One of the things that makes Trainwreck work is Amy Schumer’s relatability. Too often, rom-coms try to sell the audience in on a heroine’s imperfection; here, Amy gets drunk a lot and makes a lot of bad decisions. “We all know one,” the film’s tagline nonchalantly pertains to Townsend being a trainwreck. Surely, the bad decisions are something that is universally relatable on some level. Charm and wit is also something the movie sells on Schumer’s behalf, and luckily, there is no shortage of both from the protagonist. Amy Schumer knows how to throw a joke, and the punchline delivers.
As the film progresses, Amy is tasked to write an article on Dr. Aaron Conners, a sports doctor who works with athletes — then the two hit it off immediately and sparks fly. The real tipping point of the film begins — Amy’s the commitment-phobe while Aaron is the guy who asks her out and wants to take her on dates. There is chemistry between the two actors, and it makes the film all the more compelling. Saturday Night Live alum Bill Hader plays Aaron with finesse and ease. Known for playing eccentric characters, Hader’s portrayal of Conners is a breath of fresh air and ultimately proves that Bill Hader can be a leading man and more.
Though Amy Schumer carries the film with her humor, the supporting cast also deserves kudos for delivering noteworthy performances. Tilda Swinton, almost unrecognizable as Amy’s British boss, makes every scene she’s in pop and crackle; she balances with Schumer because her character, Dianna, is zany. On the other hand, Brie Larson, who played Amy’s sister Kim, delivered excellent work as the settled and more relaxed one of the Townsend siblings. Though mostly known for her great dramatic performances, Larson’s portrayal was still memorable because of how grounded and understanding her character is.
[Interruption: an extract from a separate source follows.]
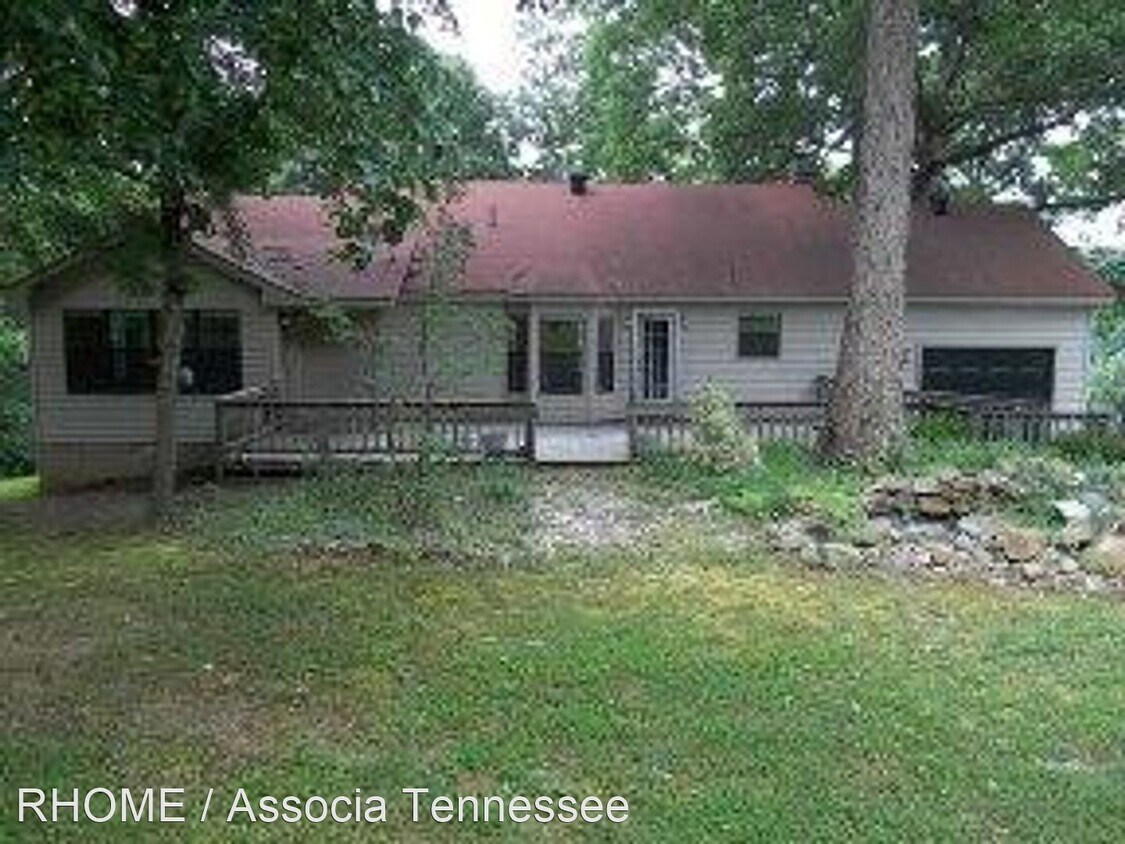 5134 Eatons Creek Rd, Nashville, TN 37218 House Rental in Nashville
Meanwhile, the rest of the film’s supporting cast, which includes Vanessa Bayer, Colin Quinn, and other notables, are a ripe roster of comedy veterans who shine in their own ways, and audiences who love comedy will appreciate the cameos present from Saturday Night Live and Inside Amy Schumer. Look out for hilarious and scene-stealing turns from celebrities LeBron James and John Cena. However, at the heart of Trainwreck lies a character study that will turn expectations on its head.
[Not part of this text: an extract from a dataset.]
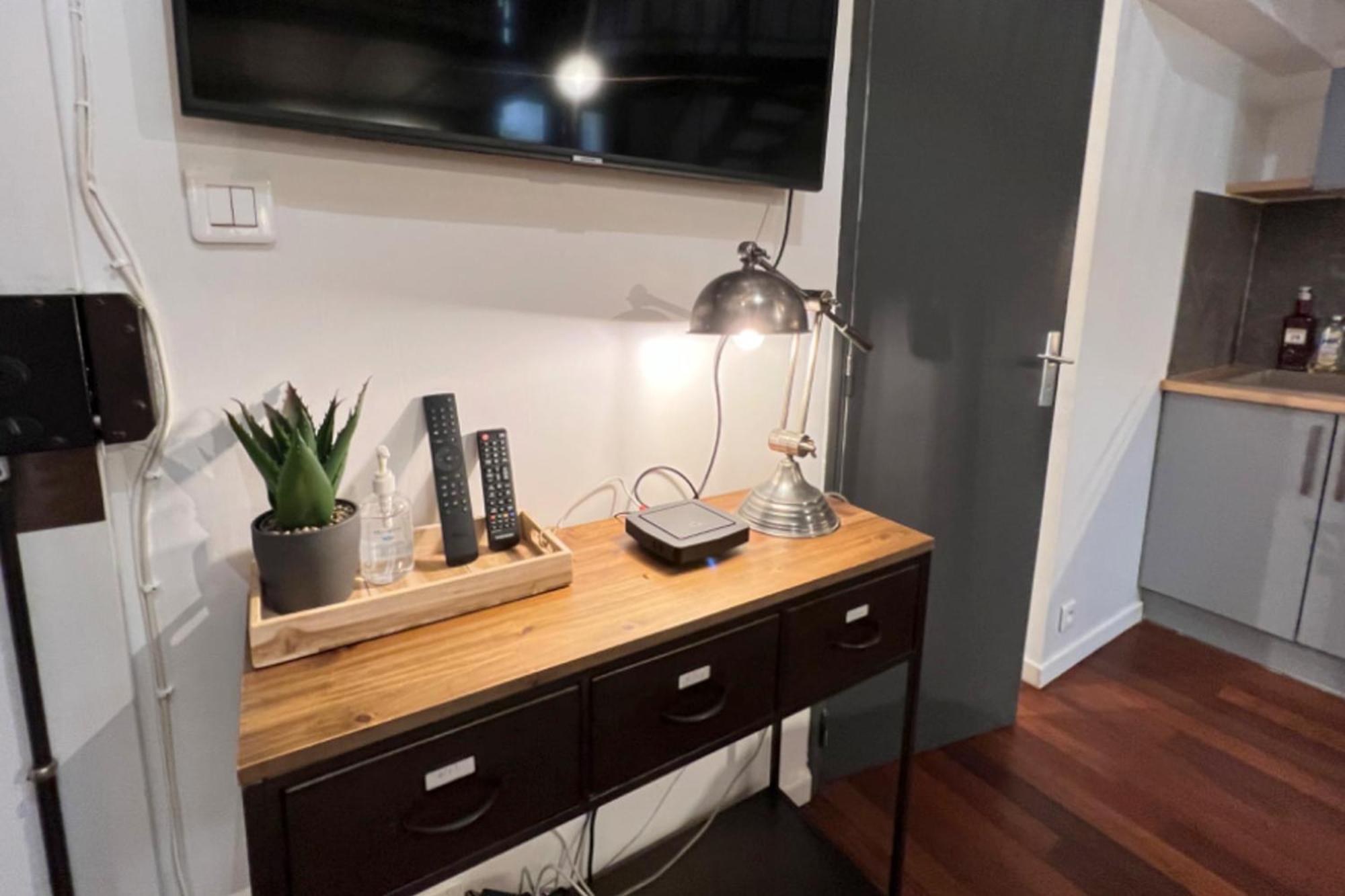 Le Nid Douillet - Vieux Port Apartment Марсилия Екстериор снимка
As Amy’s life unravels and becomes emotional, self-realization comes in the place of doubt and fear. Schumer has admitted in interviews that her journey from conception to filming has been “difficult” because she was getting into thoughts and feelings that weren’t even in the back of her mind. It’s worth noting, however, that Schumer’s work, no matter how difficult or cringe-inducing, always brings out the ugly truth. In an interview with GQ Magazine, she says, “It’s fun to be yourself when the room is demanding otherwise.” Trainwreck, with all of its raunchy, uncensored, and gritty glory, rears its head on all “rom-com” stereotypes and becomes a fully fleshed “dramedy” that tells it like it is, with heart.
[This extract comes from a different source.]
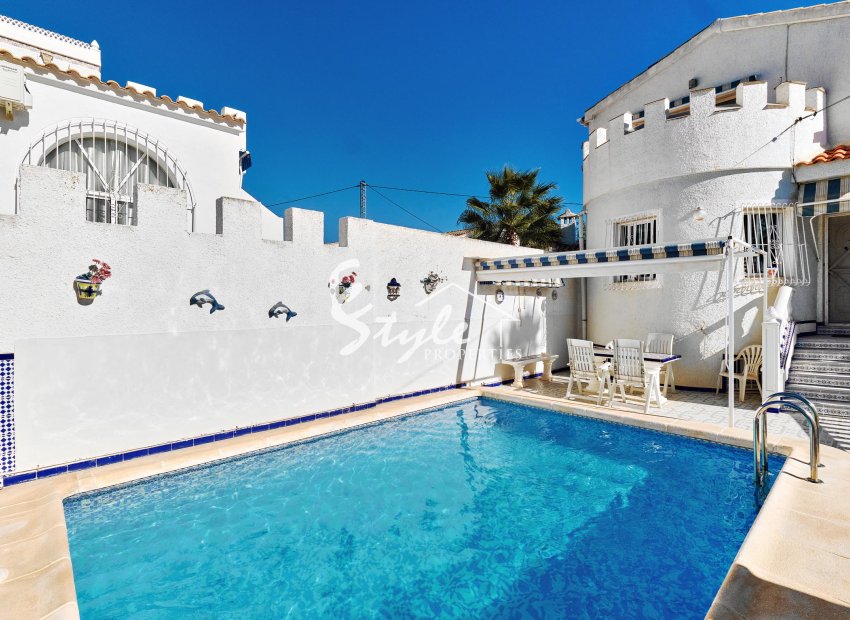 Resale - Villa - Pinar De Campoverde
Authenticity from film is hard to come by. For all the praise and criticism heaped upon Amy Schumer, Trainwreck is a testament to how truth is important to her, next to being herself and being funny. It’s actually unfair to tag Trainwreck as just a romantic comedy; it’s about family, the relationships people keep, and one’s relationship with self. It’s also a mark that Amy Schumer doubled down on a promise of a quality screenplay. Trainwreck is poignant, in both its highs and lows, and it’s the film’s honesty that makes you believe it’s far from a disaster.